In America’s culture wars, words are the weapons of choice.
The problem with this, I have increasingly noticed, is that the words used often mean completely different things to the two sides.
Take racism. In my experience, the word carries a spectrum of meanings. On one end, you have people who think of racism only as a hatred of all people with a different color of skin, possibly to the point of wanting them dead. On the other end, you have people whose much broader definition of racism includes unjust institutional structures, microaggressions, cultural appropriation and even the unconscious biases of well-meaning people.
I watched last summer as those differing definitions caused complete meltdowns in communication. If someone used the word racist, what one person heard as “We can all do better at combating our own prejudices, so that’s why I’m explaining to you why what you said is harmful,” another person would hear as an accusation that they love Hitler and the Ku Klux Klan. Things would go downhill from there.

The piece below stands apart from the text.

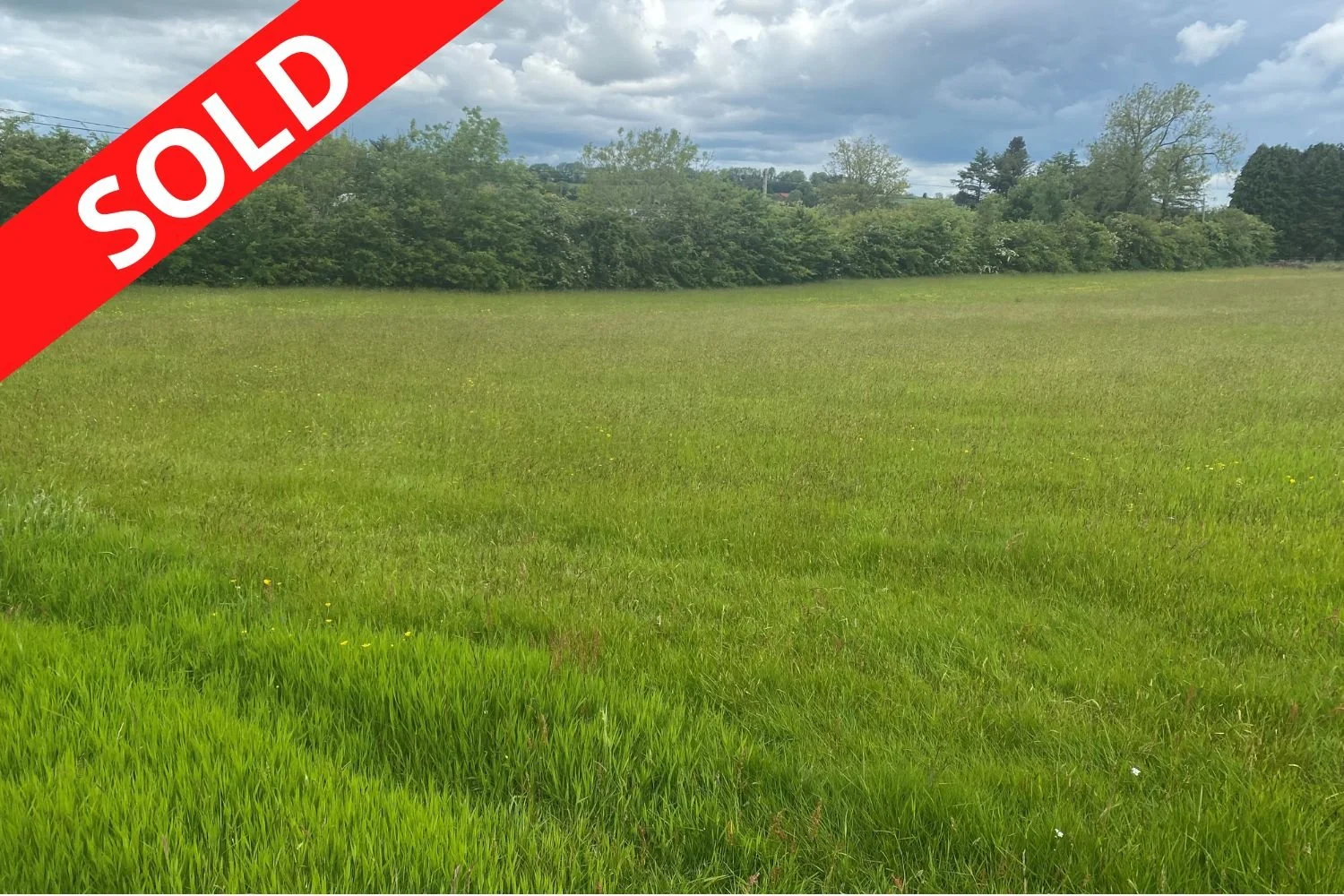 28.6 Acres at Baronstown Upper, Grangecon, Co. Wicklow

You can see the same problem repeat itself over and over again as liberals and conservatives have absurd arguments based on the fact they both have very different definitions of words like “gender” or “rights”. Half our political discourse these days is like going into a classroom of kindergarteners and telling half of them that “blurble” is the number of fingers they have on one hand and telling the other half that it’s the number of feet they have, and then asking the class what blurble plus blurble is.

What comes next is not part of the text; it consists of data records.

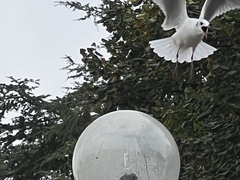 Chroicocephalus ridibundus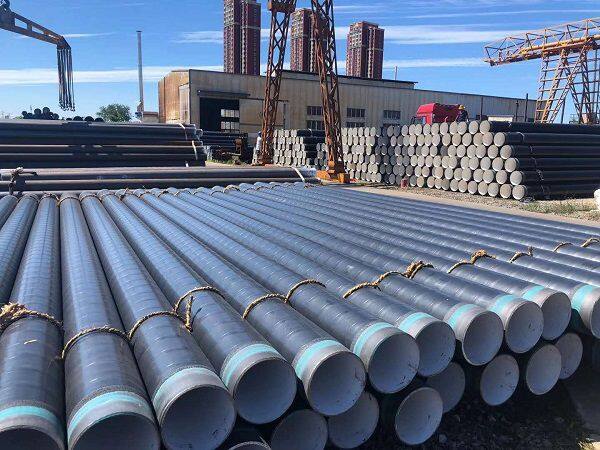 Hebei Renpu Imp & Exp Trading Co., Ltd. company overview - view 1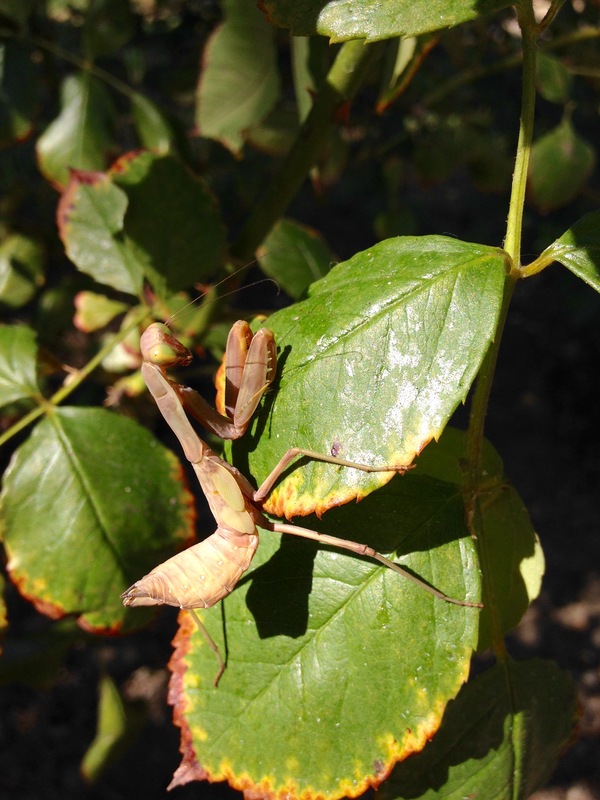 I met such a little praying mantis on the street - My, Mantis, baby, The street, Longpost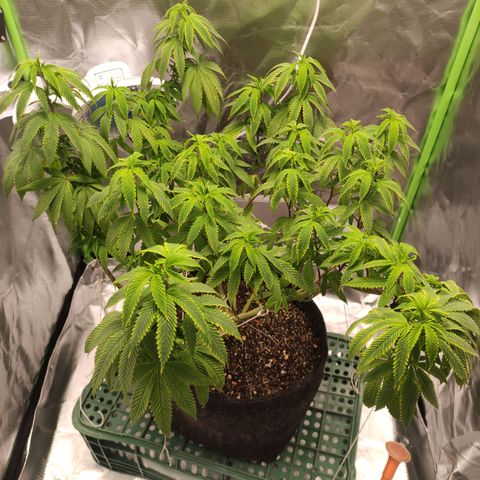 Royal Cookies  growlog timeline photo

I’m sure everyone reading this right now is absolutely convinced that their own definition is the correct one in every case, and everyone who doesn’t agree with them is a dummy.
Perhaps you are right. But even if that were the case, we’re not going to accomplish anything worthwhile in this country if we can’t have even a basic dialog.
As you talk about controversial issues, discuss what both of you mean. If you say “Congress should pass gun control,” you might mean universal background checks and the person you’re talking to might think you mean banning all private ownership of guns. Meanwhile, “I’m against gun control” to them might mean “I think there should be few restrictions on gun ownership,” while you might be assuming they mean convicted felons should be able to walk the streets with machine guns. Establishing in good faith what you both mean when you use the phrase “gun control” will lead to a far more productive discussion.
Conversations also work better when we ask the right questions. Instead of having an intense, days-long, national debates on the question “Is this specific person/incident/book/tweet racist?” we would be better off spending our energy discussing questions like “How can we make sure all Americans have an equal shot at this opportunity?” or “Is this system working equally well for everyone, and if not, what can we do to change that?”
We can also be thoughtful in using words as they were intended, to preserve their meaning. Too many phrases, from “cancel culture” to “fake news” to “virtue signaling,” started out with specific, useful definitions and have now devolved into nothing more than a blanket term for “something I don’t like.”
Other words, it’s time to purge from our societal vocabulary. There are words that I’m ashamed I used as growing up that seemed harmless at the time that I stopped using when I got older and understood how hurtful they could be. Many years ago, I quit using a certain “R word” I used to hear on the playground a lot, for example, after a conversation about it with a friend in high school with a brother with intellectual disabilities. As our society has become more aware of how harmful some language can be, habit is no excuse for continuing to use it.
Language is a constantly growing, ever-changing thing. If we don’t adapt with it, we won’t get anywhere.